Employee Highlight: Charnay Pickett

Read our Q&A with Hirons’ account manager Charnay Pickett.

Charnay Pickett
How did you become interested in design/advertising/PR/media/public affairs/marketing? How did you break into the industry and land your first job?

I first became interested in public relations after taking an Intro to Public Relations class in college. My first job in the industry was a communications internship with the City of Indianapolis. From there I entered an entry level role, and continued working in government communications, until I joined Hirons!

What characteristics do you need to be successful in the industry?

Flexibility is a really great skill to cultivate if wanting to join the PR field. A client can change their mind about something unexpectedly or a situation might arise that you weren’t anticipating, so being able to switch things up at a moment’s notice is always a plus.

Do you have any interesting hobbies/second jobs/bits of information that make you pop as an individual?

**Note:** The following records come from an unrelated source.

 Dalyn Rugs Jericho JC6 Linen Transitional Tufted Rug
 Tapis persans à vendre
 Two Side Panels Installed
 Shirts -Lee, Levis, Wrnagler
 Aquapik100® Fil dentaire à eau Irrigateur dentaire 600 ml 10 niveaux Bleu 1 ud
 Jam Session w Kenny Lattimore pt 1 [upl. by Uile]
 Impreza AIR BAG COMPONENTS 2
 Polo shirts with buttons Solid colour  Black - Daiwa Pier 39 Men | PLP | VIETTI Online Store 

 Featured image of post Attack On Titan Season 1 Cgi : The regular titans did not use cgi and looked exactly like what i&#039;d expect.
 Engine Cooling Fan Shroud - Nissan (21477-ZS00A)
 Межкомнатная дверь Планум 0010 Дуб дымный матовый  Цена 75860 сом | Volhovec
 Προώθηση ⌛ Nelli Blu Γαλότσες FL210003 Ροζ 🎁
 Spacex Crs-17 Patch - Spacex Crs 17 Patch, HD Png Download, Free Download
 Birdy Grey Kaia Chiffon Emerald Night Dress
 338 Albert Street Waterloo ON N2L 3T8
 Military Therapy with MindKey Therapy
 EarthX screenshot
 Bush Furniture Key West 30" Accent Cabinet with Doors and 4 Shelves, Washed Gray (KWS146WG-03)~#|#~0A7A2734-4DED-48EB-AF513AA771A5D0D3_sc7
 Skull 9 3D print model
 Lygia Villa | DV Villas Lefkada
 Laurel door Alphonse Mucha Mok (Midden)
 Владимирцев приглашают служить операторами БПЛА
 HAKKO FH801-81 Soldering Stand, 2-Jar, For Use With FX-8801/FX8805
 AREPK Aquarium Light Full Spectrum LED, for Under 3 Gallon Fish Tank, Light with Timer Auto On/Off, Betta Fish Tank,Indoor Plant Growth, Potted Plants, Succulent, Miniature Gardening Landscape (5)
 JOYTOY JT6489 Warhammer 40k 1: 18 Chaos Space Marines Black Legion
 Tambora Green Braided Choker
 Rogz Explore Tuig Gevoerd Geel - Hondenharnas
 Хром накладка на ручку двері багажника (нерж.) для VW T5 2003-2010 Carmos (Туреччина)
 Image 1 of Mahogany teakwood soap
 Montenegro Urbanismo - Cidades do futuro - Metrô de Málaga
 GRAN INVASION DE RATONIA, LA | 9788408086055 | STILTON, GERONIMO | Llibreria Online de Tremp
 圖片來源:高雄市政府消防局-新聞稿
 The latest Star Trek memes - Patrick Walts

I like to work out, specifically at Orangetheory Fitness. I love everything about the classes and am always talking my friends into coming to class with me.

I’m also very interested in politics. A high school teacher taught me the importance of voting and making my voice heard, and I’ve been interested in politics ever since.

When and where do you have your best ideas?

I come up with my best ideas when I’m working out! I try to zone out during cardio, and that seems to be when I’m able to think most freely.

Why is effective advertising/PR so important for the growth and success of organizations?

Effective PR is important because it’s potentially the first interaction someone may have with an organization or company. We’re telling a story and leaving an impression—making it a good one is always the goal.

What’s one important tip you would share with anyone looking to go into the agency world?

Don’t be afraid to ask questions. My greatest lessons were learned when I worked up the courage to speak up and ask the hard questions.